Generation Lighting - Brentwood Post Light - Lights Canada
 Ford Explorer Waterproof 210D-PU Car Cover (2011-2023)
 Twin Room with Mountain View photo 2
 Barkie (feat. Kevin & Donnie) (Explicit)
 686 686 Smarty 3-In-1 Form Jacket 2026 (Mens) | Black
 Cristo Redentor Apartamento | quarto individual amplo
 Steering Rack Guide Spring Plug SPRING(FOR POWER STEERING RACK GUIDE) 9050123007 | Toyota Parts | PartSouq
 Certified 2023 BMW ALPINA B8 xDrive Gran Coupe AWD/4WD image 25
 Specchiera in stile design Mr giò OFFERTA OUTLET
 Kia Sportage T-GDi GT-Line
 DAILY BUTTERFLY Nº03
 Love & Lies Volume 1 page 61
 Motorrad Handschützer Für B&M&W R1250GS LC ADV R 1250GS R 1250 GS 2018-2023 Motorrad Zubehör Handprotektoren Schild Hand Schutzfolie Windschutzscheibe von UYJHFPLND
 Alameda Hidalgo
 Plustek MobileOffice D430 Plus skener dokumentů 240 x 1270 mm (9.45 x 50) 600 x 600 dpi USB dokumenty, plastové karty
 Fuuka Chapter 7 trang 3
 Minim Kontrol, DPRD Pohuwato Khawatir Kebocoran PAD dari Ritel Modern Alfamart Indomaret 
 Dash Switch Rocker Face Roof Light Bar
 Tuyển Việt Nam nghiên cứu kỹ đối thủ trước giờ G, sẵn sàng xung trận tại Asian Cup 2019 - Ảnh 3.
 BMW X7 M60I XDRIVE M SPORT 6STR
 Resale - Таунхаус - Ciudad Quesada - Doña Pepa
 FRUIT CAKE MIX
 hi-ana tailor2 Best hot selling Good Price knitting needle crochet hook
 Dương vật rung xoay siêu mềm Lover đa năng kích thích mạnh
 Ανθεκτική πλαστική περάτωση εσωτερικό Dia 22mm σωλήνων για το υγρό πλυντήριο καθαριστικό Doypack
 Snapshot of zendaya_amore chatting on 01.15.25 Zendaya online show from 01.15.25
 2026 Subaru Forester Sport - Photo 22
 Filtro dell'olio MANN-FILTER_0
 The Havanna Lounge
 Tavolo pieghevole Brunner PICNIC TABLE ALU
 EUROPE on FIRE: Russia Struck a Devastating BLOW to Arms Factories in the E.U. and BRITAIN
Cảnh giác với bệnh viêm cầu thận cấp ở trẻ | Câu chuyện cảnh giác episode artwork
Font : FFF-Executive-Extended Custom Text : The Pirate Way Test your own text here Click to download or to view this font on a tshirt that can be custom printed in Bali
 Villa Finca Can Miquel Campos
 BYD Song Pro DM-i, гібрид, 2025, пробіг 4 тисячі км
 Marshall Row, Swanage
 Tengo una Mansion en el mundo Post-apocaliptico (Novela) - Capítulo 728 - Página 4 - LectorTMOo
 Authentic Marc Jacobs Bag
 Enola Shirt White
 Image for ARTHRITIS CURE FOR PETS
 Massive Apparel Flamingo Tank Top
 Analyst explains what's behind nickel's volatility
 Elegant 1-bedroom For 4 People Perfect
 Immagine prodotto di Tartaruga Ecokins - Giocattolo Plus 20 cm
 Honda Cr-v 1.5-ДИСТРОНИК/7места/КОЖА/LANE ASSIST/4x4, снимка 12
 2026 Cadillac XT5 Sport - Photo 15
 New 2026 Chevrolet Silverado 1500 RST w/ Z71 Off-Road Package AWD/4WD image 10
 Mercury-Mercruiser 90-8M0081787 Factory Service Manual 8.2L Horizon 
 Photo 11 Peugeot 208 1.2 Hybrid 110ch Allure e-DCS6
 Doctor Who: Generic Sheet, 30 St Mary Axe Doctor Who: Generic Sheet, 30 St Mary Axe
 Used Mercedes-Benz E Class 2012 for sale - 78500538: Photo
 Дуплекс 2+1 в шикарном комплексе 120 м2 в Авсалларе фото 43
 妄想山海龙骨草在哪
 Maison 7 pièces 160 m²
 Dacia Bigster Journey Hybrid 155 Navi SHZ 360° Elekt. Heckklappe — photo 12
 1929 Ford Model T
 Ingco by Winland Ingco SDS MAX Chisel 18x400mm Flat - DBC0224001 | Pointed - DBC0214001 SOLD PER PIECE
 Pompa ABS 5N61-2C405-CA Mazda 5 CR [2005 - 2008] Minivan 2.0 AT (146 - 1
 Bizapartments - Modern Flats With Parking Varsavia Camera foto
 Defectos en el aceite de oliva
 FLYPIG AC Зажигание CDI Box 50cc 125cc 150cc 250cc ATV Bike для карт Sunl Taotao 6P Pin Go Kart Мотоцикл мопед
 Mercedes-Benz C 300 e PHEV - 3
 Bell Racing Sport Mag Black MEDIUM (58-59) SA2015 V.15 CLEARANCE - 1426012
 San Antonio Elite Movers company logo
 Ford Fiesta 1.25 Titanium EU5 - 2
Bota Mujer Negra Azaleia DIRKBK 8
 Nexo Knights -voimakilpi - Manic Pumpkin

+ + + + + + +

WHAT IS BEING ASKED:
Exactly the lines from the one containing "FLYPIG AC Зажигание" through the end of the records above are to be printed, and no others.

YOUR RESPONSE:
 FLYPIG AC Зажигание CDI Box 50cc 125cc 150cc 250cc ATV Bike для карт Sunl Taotao 6P Pin Go Kart Мотоцикл мопед
 Mercedes-Benz C 300 e PHEV - 3
 Bell Racing Sport Mag Black MEDIUM (58-59) SA2015 V.15 CLEARANCE - 1426012
 San Antonio Elite Movers company logo
 Ford Fiesta 1.25 Titanium EU5 - 2
Bota Mujer Negra Azaleia DIRKBK 8
 Nexo Knights -voimakilpi - Manic Pumpkin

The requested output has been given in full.